If you ever got around to watching Life of Pi you might recall the hero of the film, a young Indian boy living in French colonial India, was ironically named ‘Piscine Molitor Patel’, after a historic 1920s Art Deco swimming pool (piscine) right here in Paris …
“One day, Mamaji said to my father, that of all the pools in the world, the most beautiful was a public pool in Paris. That the water there was so clear, you could make your morning coffee with it. That a single swim there changed his life. Before I was born, he said; ‘If you want your son to have a clean soul, you must take him one day to swim in the Piscine Molitor.’ I never understood why my father took this so much to heart, but he did, and I was named ‘Piscine Molitor Patel’.”
While the film is based on a fantasy adventure novel written by Yann Martel, Piscine Molitor is very much a real place. But what the story doesn’t mention is what happened to this most beautiful Parisian swimming pool over the years…
via Piscine Molitor
When I first arrived in Paris, I went about finding a place to swim, a place to thrash through the water like a baby hippo alongside elegant Parisian ladies. In my search, I came across Molitor, fallen from glory, a legendary abandoned ruin in the 16th arrondissement.

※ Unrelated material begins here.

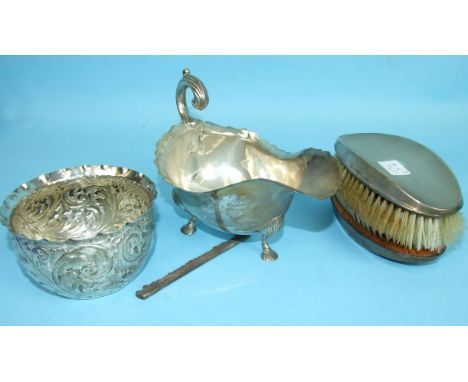 A Victorian embossed circular bowl, Birmingham 1898, a late-Victorian sauce boat, (a/f) and a pair of engine-turned silver-ba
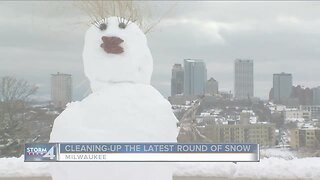 Milwaukee residents clean up the latest round of snow.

Built in 1929, the bikini was first officially introduced at this very pool by Louis Réard in 1946. A glamorous day out for Parisians, the Piscine Molitor regularly hosted events such as fashion shows, galas, theatrical performances, and was often used as a dazzling backdrop for film shoots.
Pictured above is the handsome Johnny Weissmuller, the Olympic medallist swimmer who inaugurated the pool in ’29. On the right is Micheline Bernardini, a former nude dancer at the Casino de Paris who was chosen by Louis Réard to model the first modern-day bikini at the swimming pool on July 5, 1946 at Piscine Molitor in Paris (she was the only model he could find daring enough to wear the design with a g-string back made out of 30 square inches of cloth). The event was widely publicised by the international press.
Piscine Molitor was one of the only public pools built in Europe at the time with two pools. The outdoor Olympic sized pool lined with sand in the warm seasons, turned into an ice rink during the winter. Designed by architect Lucien Pollet, Molitor was intended to resemble an ocean liner, with its art deco stained glass and three levels of cabins surrounding the pool.
After seventy years in a harsh chlorinated environment, those elegant white railings and mosaic floors had seen better days. On August 31st 1989, the visitors had their last swim and Piscine Molitor closed its door to the public for the last time.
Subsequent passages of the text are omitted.